# Biema Amps



## Steve Williamson (May 11, 2006)

OK, you have ruined me, I am now looking for seperate channel amplification for the theatre and have come across one of my suppliers that sell Biema Amplifiers. Are these amps any good Q Series Amps I am looking at the Q250 bridged into 750W per channel for 5.1 sound or Q150 bridged.

I can pick up the Q250 for about AU$490 a piece.

This is the first time I have looked at seperate amplification, always had AVR.

Any others suggested must be available in Australia though.

Now just need to find suitably rated speakers :wits-end:


----------



## Wayne A. Pflughaupt (Apr 13, 2006)

Steve,

I expect you’re going to have some trouble finding any information on these amps. Since they are pro audio amps, I did a search at the Live Audio Board and got nothing. Only one thread came back from 2004, from a guy (interestingly) in Australia asking if anyone knew about them. There were no replies. If the LAB has nothing on them, don’t know where else you can look.

Generally I’m a little leery of live-sound pro amps for the main channels, as high fidelity isn’t their primary design consideration. That’s not to say that none of them are good; many audiophiles report good results with pro amps. I’d just be careful about the one you pick, especially if they are low-end or no-name brands. Be sure you have a generous return policy, and for sure conduct a careful A/B test with a hi-fi amp you’re comfortable with.

Regards,
Wayne


----------



## Bruce (Sep 14, 2006)

Steve Williamson said:


> OK, you have ruined me, I am now looking for seperate channel amplification . . .
> 
> This is the first time I have looked at seperate amplification, always had AVR.
> 
> ...


I'm thinking this is the core of the sound quality. I spent a long time seaching for speakers (more than a year) and when I found them, Dynaudio Contour (4 Ohm 84dB). I made sure I found amps that played to my speakers requirements, with>45 amps peak per channel. I was able to audition multiple amps at home at the same time. 
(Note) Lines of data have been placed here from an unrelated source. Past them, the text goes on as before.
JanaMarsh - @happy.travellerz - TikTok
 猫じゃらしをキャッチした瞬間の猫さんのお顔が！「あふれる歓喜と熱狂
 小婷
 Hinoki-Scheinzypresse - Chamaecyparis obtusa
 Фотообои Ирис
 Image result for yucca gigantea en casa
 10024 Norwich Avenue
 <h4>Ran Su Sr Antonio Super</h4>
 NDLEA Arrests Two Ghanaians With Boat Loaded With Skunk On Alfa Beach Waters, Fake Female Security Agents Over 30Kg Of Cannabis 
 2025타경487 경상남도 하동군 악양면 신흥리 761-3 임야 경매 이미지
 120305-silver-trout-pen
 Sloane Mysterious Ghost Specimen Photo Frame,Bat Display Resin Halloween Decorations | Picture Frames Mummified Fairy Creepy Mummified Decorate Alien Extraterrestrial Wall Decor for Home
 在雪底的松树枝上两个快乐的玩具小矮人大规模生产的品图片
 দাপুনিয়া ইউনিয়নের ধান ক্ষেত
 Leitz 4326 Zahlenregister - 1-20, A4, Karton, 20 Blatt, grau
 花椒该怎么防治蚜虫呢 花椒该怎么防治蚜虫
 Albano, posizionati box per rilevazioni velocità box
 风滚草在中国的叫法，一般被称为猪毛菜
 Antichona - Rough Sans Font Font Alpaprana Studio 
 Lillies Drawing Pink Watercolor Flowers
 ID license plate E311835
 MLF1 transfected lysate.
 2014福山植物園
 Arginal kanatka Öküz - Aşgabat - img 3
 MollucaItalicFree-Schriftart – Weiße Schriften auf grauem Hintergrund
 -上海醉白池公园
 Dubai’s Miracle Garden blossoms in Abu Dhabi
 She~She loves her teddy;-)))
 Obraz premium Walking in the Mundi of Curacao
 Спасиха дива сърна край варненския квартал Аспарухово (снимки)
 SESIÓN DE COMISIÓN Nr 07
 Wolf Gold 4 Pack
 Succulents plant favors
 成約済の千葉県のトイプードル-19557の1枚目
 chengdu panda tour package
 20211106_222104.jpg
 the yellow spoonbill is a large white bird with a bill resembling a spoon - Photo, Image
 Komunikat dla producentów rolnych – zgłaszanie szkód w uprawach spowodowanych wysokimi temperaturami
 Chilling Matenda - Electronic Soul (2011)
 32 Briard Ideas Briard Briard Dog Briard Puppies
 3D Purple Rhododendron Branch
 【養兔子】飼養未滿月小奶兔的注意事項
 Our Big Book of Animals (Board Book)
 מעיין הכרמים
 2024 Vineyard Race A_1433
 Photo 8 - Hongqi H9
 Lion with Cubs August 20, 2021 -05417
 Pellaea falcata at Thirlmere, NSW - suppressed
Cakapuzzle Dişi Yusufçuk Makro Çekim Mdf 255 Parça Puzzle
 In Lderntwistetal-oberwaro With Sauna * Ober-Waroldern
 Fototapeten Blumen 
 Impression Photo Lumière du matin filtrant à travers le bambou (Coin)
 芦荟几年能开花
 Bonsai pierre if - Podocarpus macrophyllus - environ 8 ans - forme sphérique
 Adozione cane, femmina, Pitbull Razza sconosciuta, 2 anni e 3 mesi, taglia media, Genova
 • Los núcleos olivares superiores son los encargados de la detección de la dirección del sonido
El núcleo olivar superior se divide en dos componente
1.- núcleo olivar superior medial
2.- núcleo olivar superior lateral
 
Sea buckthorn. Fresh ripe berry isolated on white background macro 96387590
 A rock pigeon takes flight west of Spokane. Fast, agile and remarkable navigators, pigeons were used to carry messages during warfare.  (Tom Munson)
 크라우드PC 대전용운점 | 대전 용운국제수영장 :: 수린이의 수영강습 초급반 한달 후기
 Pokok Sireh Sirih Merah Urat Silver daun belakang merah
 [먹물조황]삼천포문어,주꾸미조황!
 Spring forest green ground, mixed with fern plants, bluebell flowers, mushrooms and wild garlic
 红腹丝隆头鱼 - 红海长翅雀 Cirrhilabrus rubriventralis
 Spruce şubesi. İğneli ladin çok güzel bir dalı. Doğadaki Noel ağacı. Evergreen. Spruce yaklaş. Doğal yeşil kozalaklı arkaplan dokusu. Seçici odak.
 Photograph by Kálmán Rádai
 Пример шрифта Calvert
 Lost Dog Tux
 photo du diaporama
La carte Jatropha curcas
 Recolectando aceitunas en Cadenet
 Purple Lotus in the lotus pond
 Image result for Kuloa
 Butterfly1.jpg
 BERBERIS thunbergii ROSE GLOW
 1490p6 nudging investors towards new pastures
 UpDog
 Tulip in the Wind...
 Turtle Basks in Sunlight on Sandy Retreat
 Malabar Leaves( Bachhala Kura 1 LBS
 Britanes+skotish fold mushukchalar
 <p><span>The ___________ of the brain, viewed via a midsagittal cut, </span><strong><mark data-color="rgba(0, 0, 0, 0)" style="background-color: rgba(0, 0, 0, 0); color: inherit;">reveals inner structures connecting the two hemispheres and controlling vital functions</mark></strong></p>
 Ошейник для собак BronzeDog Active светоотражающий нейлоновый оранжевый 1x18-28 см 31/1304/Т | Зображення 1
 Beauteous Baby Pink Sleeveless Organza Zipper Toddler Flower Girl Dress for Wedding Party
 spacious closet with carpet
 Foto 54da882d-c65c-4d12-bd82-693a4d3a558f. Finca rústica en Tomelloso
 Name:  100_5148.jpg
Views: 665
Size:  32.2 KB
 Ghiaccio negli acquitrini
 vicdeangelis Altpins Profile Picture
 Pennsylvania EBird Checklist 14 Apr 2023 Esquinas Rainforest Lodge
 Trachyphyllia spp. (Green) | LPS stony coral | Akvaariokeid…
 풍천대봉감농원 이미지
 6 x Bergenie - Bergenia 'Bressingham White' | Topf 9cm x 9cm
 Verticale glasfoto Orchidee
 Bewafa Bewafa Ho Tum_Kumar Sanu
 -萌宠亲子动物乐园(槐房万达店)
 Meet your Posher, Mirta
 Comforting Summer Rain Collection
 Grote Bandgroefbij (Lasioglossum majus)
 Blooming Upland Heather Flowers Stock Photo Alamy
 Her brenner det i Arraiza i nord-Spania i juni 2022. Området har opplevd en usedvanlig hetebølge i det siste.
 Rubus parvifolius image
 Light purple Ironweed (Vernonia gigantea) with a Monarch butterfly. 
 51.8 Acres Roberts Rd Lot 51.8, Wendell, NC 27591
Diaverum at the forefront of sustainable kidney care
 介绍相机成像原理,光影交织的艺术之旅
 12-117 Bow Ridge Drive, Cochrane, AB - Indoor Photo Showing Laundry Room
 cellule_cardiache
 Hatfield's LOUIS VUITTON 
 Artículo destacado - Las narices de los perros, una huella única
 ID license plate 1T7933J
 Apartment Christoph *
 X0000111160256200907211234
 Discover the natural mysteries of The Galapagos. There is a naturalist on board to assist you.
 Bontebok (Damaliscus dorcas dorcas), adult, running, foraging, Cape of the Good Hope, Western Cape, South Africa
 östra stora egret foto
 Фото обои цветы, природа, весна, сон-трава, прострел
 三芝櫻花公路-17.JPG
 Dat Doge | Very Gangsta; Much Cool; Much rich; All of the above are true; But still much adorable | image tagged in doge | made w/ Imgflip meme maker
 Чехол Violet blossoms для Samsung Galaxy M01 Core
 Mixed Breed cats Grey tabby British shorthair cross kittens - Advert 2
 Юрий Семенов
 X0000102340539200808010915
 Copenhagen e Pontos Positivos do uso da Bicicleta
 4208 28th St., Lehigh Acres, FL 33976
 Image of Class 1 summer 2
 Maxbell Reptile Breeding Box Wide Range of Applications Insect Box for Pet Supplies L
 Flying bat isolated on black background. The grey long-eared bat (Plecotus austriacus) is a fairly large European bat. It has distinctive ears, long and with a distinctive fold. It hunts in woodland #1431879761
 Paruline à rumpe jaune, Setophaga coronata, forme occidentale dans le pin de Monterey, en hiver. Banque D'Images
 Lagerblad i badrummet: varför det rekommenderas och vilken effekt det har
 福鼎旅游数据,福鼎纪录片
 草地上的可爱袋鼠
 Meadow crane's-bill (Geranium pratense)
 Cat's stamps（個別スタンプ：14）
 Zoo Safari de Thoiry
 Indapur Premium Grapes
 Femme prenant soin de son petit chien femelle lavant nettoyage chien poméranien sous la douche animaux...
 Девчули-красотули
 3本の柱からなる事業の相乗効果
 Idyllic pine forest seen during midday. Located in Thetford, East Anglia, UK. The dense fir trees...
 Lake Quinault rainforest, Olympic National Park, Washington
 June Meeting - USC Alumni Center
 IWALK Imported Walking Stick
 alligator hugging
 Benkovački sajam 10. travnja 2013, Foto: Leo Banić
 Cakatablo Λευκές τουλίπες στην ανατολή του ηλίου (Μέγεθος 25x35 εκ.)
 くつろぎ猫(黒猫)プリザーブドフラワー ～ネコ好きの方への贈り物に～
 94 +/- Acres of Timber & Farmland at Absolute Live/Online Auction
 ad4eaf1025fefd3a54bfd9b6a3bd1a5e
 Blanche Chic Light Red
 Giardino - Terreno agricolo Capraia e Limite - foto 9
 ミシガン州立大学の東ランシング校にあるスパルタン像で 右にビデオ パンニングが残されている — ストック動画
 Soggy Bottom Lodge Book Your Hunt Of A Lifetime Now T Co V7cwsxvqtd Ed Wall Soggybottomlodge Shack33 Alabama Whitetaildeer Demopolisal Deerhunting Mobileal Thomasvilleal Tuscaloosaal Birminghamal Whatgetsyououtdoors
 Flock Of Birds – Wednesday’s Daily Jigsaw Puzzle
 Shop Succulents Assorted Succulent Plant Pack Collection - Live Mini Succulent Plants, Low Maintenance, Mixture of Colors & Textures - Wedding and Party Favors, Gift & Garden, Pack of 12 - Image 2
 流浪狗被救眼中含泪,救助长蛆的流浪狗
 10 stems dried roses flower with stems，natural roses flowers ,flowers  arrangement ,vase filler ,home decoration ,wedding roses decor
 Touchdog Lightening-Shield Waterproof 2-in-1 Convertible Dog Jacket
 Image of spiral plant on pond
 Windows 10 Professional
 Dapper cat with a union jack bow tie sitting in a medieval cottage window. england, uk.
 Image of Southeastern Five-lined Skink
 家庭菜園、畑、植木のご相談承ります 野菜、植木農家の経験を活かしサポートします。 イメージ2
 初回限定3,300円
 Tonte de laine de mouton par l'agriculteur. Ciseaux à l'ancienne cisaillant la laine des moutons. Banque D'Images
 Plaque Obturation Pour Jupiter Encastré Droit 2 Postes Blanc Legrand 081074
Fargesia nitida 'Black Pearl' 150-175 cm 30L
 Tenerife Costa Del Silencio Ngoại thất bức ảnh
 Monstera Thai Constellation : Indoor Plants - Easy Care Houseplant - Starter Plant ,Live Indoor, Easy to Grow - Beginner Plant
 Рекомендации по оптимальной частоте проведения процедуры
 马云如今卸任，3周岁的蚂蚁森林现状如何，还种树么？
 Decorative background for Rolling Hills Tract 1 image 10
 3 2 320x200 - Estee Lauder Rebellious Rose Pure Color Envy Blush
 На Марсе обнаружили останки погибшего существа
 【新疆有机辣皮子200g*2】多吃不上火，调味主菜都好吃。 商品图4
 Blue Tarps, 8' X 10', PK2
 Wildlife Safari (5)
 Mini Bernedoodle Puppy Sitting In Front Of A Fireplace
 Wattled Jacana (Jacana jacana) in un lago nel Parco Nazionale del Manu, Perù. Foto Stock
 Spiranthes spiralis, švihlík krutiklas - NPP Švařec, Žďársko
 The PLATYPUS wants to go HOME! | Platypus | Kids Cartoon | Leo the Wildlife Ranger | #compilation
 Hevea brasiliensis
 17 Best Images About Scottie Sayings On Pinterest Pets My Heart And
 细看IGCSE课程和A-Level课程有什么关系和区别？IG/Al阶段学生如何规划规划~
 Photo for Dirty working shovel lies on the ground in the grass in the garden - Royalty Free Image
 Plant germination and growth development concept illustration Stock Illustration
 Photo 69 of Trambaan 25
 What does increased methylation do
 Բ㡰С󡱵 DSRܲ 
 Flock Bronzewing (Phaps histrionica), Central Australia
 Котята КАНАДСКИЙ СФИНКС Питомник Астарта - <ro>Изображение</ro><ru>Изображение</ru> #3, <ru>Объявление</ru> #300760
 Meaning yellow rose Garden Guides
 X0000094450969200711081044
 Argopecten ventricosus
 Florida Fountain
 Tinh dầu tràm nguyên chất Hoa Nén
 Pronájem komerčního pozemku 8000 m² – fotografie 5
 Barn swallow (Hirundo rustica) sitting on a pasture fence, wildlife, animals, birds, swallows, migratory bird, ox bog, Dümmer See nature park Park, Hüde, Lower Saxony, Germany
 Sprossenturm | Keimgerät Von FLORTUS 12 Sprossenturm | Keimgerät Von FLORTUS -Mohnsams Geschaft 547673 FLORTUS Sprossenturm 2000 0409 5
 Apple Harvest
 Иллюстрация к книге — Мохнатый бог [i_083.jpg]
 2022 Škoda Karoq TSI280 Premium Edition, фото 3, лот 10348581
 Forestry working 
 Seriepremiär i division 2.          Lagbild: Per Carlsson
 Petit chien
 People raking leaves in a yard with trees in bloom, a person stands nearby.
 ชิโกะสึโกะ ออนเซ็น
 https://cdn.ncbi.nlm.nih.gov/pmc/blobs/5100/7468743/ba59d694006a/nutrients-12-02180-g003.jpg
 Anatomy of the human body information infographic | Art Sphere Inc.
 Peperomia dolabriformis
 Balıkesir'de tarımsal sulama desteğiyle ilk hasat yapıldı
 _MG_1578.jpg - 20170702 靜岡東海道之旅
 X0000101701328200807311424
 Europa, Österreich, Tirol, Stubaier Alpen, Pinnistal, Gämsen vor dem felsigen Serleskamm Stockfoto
I never looked at pro amps, but I'd think the same procedure applies, get an in-home audition with your speakers and a guaranteed return if it's not what you like. I'd think at least 3 days for testing.


----------



## Steve Williamson (May 11, 2006)

The problem is, the suppliers of the Biema's are wholesalers, not retailers, so auditioning can be a problem. Thanks for the advice on speakers Bruce, which contours did you end up buying?.

I found major losers thread about the behringer A500 amps, and I may just copy him as I can pick them up for less than AU$290 a piece from normal retailers :whistling: I could do my 7.2, the subs will be active not passive so I could use 7 amps. What power issues will we have running these, remember we are on 240 volts over here. The electrician is meeting with me tomorrow so I can ask him to put in whatever is necessary.

Would bi-wiring the speakers be benficial for amps like these? Sorry for so many stupid questions, the last time I saw gear like this was going around wiht my brother when I was 8 or 9 when he did the sound for the local bands.


----------



## eddthompson (Aug 19, 2006)

for $290 au you could get one to play with, you dont like it, sell it on ebay.

remember on 240 (we are here in the uk too) for the same wattage we use half the current, so its possible your power supply will be fine.

biwireing is a waste if you ask me, just a good excuse to sell you double the amount of cable with its very high profit margins :bigsmile: 

you want to be carefull bridging the a500s if you have a 4 ohm load, if you dont mind fans you can get the same performance with the ep1500s with half the amount of amps (you would have to check the prices on these as you would need 4 of them).

the ep1500s give circa 400 watts into 4 ohms each channel (same as 1 bridged a500), and will even stretch to 750 into 2, considerably more powerfull than the a500, just they have fans which realy need swapping for quit ones (an easy task)

edd


----------



## Bruce (Sep 14, 2006)

Steve Williamson said:


> . . . . which contours did you end up buying?.
> . . . .


I ended up with Contour 2.8 towers for L&R mains, the Contour center, and Contour 1.1 for surrounds.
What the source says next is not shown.